## Crawled caption data

%%

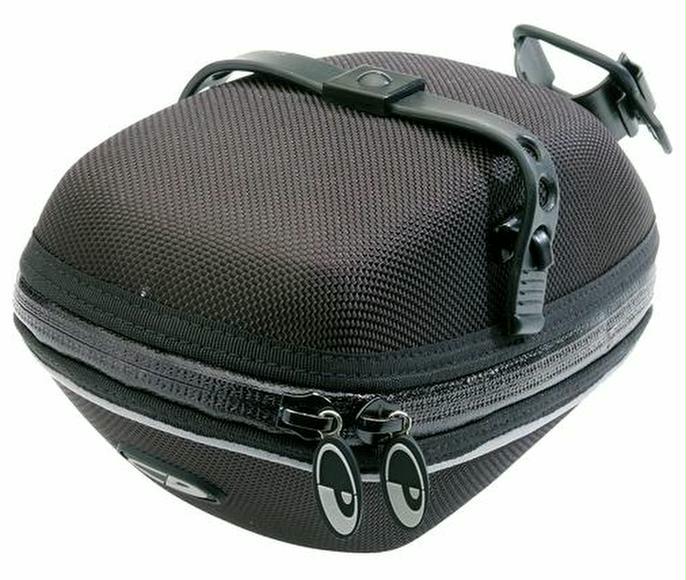 Satteltasche Procraft Hardcase von Procraft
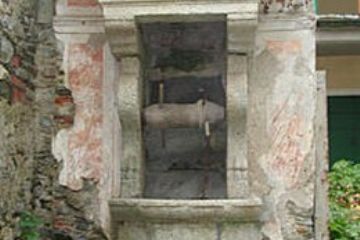Vacciago - Pozzo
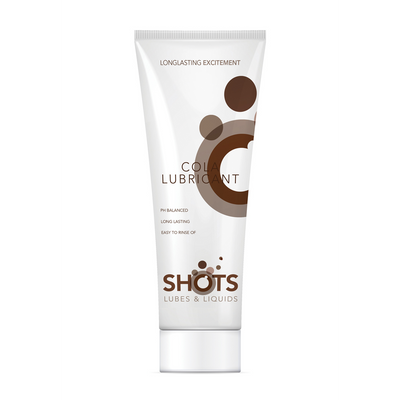 Gleitmittel - Cola - 3 fl oz / 100 ml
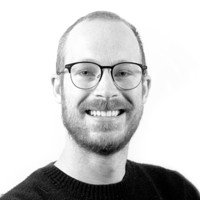 Favoured - Digital Marketing Agency Employee Andy Willers's profile photo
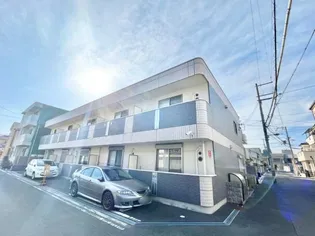 ラガーディアの画像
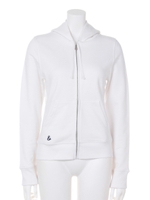 BASIC裏毛パーカー/ネイビー(120)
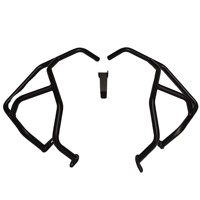 Nouveau kit de protection antichute à visser en acier à haute teneur en carbone pour moto F900GS ADV Adventure 2020-2026 Scooter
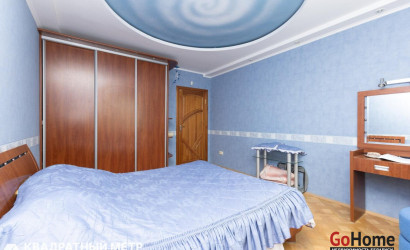 Купить 3-комнатную квартиру, Минск, Шаранговича ул. (Фрунзенский район). Фото 10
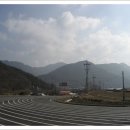 마산 인성산 산행기 1 (2008. 3. 15) 이미지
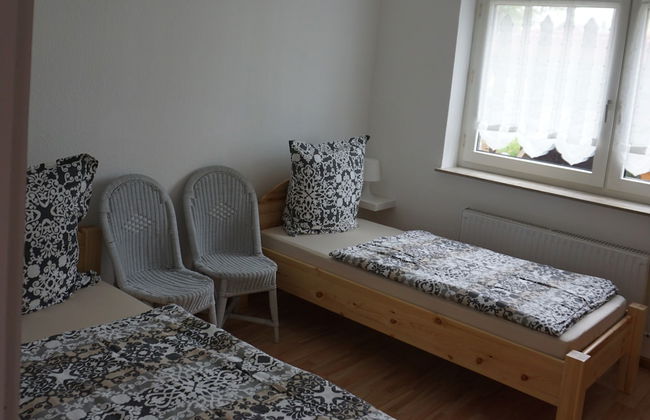 Lilis Ferienwohnungen - Foto 2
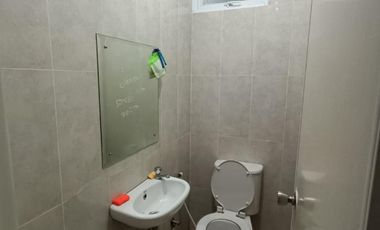 rumah cantik minimalis 2 lantai harga bersahabat di grandcity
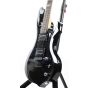 ESP LTD F-50 Black Electric Guitar Sample/Prototype 9828, LF50BLK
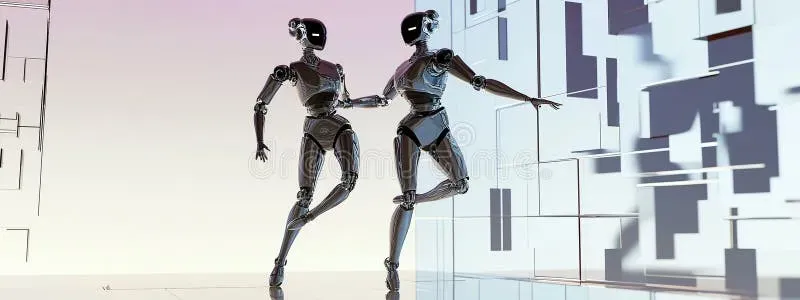 Robots Gracefulness: Can Technology Finally Enable Elegant Motion? image 2560bd37 addc 4d1a 8b72 f7608f7b79ec.webp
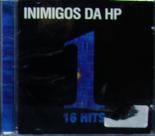 Inimigos Da HP One 16 Hits CD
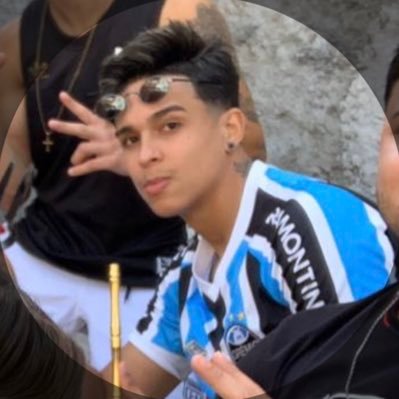 Profile Picture of Kenyon Castro (@KenyonAnthony) on Twitter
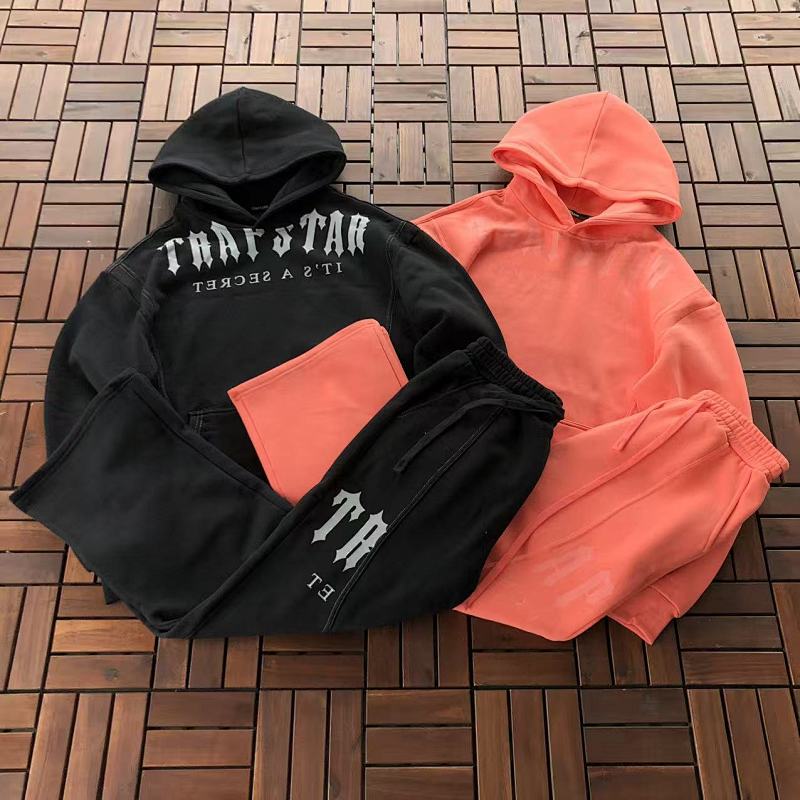 TRAPSTAR HOODIES (14)
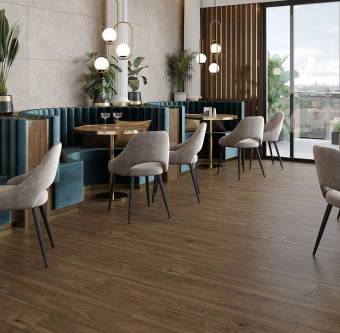 CERSANIT CHARMWOOD BEIGE MAT 19,8Х119,8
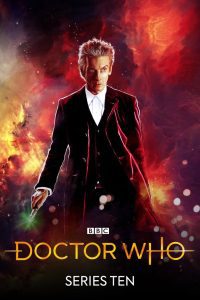 Doctor Who Season 10 ดอกเตอร์ฮู ปี 10 ซับไทย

%%

Could you retype all the entries above exactly, without the pictures?

## Exercise solution
 Satteltasche Procraft Hardcase von Procraft
Vacciago - Pozzo
 Gleitmittel - Cola - 3 fl oz / 100 ml
 Favoured - Digital Marketing Agency Employee Andy Willers's profile photo
 ラガーディアの画像
 BASIC裏毛パーカー/ネイビー(120)
 Nouveau kit de protection antichute à visser en acier à haute teneur en carbone pour moto F900GS ADV Adventure 2020-2026 Scooter
 Купить 3-комнатную квартиру, Минск, Шаранговича ул. (Фрунзенский район). Фото 10
 마산 인성산 산행기 1 (2008. 3. 15) 이미지
 Lilis Ferienwohnungen - Foto 2
 rumah cantik minimalis 2 lantai harga bersahabat di grandcity
 ESP LTD F-50 Black Electric Guitar Sample/Prototype 9828, LF50BLK
 Robots Gracefulness: Can Technology Finally Enable Elegant Motion? image 2560bd37 addc 4d1a 8b72 f7608f7b79ec.webp
 Inimigos Da HP One 16 Hits CD
 Profile Picture of Kenyon Castro (@KenyonAnthony) on Twitter
 TRAPSTAR HOODIES (14)
 CERSANIT CHARMWOOD BEIGE MAT 19,8Х119,8
 Doctor Who Season 10 ดอกเตอร์ฮู ปี 10 ซับไทย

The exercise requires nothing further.